About this task
Could you copy exactly the lines below, beginning at the line with "Kid's Geox x" and stopping after the line with "Coordonne Carta da", with no pictures?

Records for the task
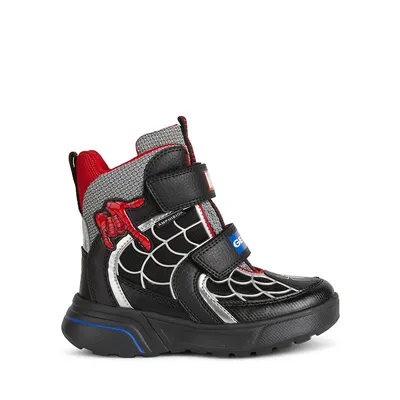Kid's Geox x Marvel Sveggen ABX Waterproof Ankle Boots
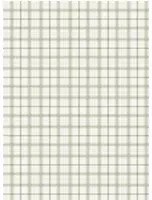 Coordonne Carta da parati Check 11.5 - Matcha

---

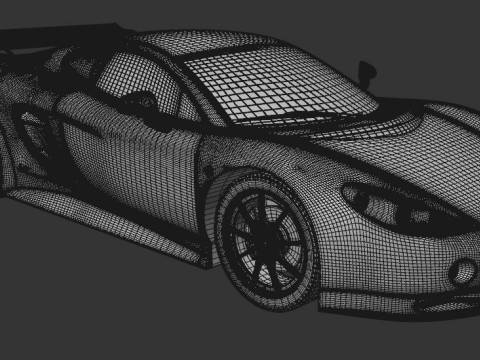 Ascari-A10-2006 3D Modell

Result
Kid's Geox x Marvel Sveggen ABX Waterproof Ankle Boots
 Coordonne Carta da parati Check 11.5 - Matcha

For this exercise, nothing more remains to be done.